## PROBLEM DESCRIPTION
Restate exactly, and only, the lines from the one with "miorio米澳拉黄糖去角质面部死皮深层清洁毛孔脸部磨砂膏女韩国" through the end of the data, with both of those end lines kept. Drop any pictures.

## MATERIAL PROVIDED

----

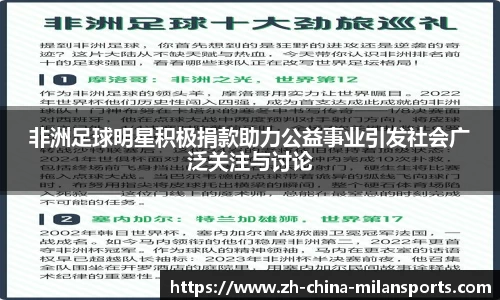 非洲足球明星积极捐款助力公益事业引发社会广泛关注与讨论
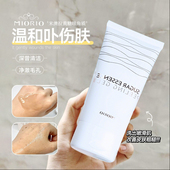 miorio米澳拉黄糖去角质面部死皮深层清洁毛孔脸部磨砂膏女韩国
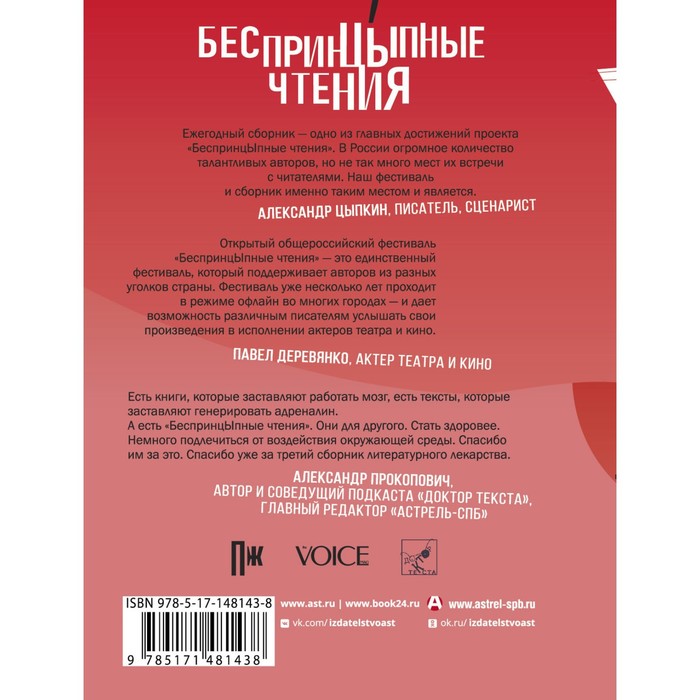 

Беспринцыпные чтения. Вишлист. Цыпкин А.Е., Хабенский К., Бессонов А.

----

## ANSWER BOX
 miorio米澳拉黄糖去角质面部死皮深层清洁毛孔脸部磨砂膏女韩国

Беспринцыпные чтения. Вишлист. Цыпкин А.Е., Хабенский К., Бессонов А.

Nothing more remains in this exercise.